These examples of consultancy practice illustrate some of the key elements of working from within a ‘relational terrain’ and how they help to effect change:
Consulting to change
An intervention to support the functioning of a complex new organizational structure, introduced the idea that all systems have aspects which are temporary and fragmented and capable of co-existing with other aspects which are more coherent and enduring. It helped two directors to think through their roles as joint-directors of a merged professional services firm, operating on two separate global platforms. They (and members of their team/s) were able to allow each other more space to take up their leadership according to their areas of responsibility, rather than attempting a unified style, and to use this to present themselves with greater credibility within their global matrices. This work supported the key players to be open to experimentation in their roles, and stay connected with each other and their different approaches in a context of merger dynamics which were seeking to shut down difference.
Consulting to change agents
An application of relational psychoanalytic theories to the understanding of group and organizational behaviour was able to help an internal consultant within a government department explore the difficulties he encountered in designing and setting up an integrated statutory/3rd sector Initiative. Paying attention to how he was ‘relating to the other’ enabled the consultant to bring an approach which recognized the interdependency between the sectors, and to challenge the them/us mindset which was prevailing. The client was able to take up a more collaborative and experimental role of enquiry in a system which was geographically dispersed, with many ‘outlying’ members.

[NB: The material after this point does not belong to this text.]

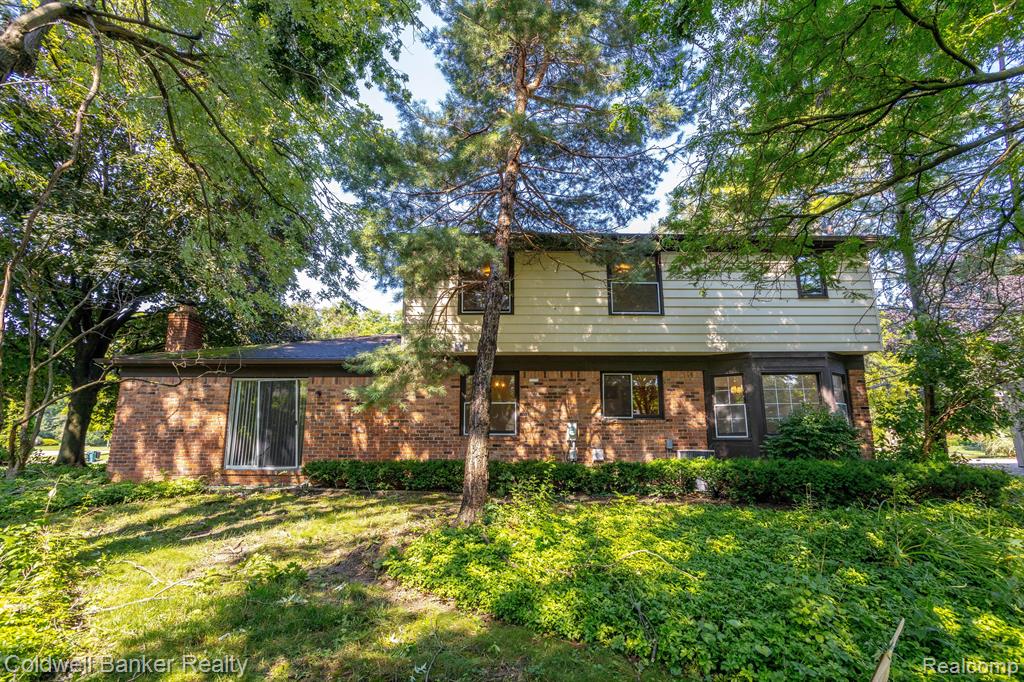 5310 HERTFORD Drive, Troy, MI 48085 — Photo 30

These are examples of consulting to change and development in situations of organisational drives to improve effectiveness and market share, where individuals face high expectations. Clients find this work accessible and helpful, and professionals working in change value the capacity to make robust judgements about how to intervene.
My approach to professional development is outlined in Resource-ful Consulting, examples of professional development programmes include:
- A supervision group for internal coaches, to develop coaching skills using narrative and story telling approaches (EU).
- The development of consultancy approaches for project designers (EU).
- The integration of coaching skills into human resource management within a financial services firm (UK/ International)
- I am a founder and previous director of the Tavistock Institute Practitioner Certificate in Consulting and Change and the Tavistock Institute Certificate in Coaching for Leadership and Professional Development.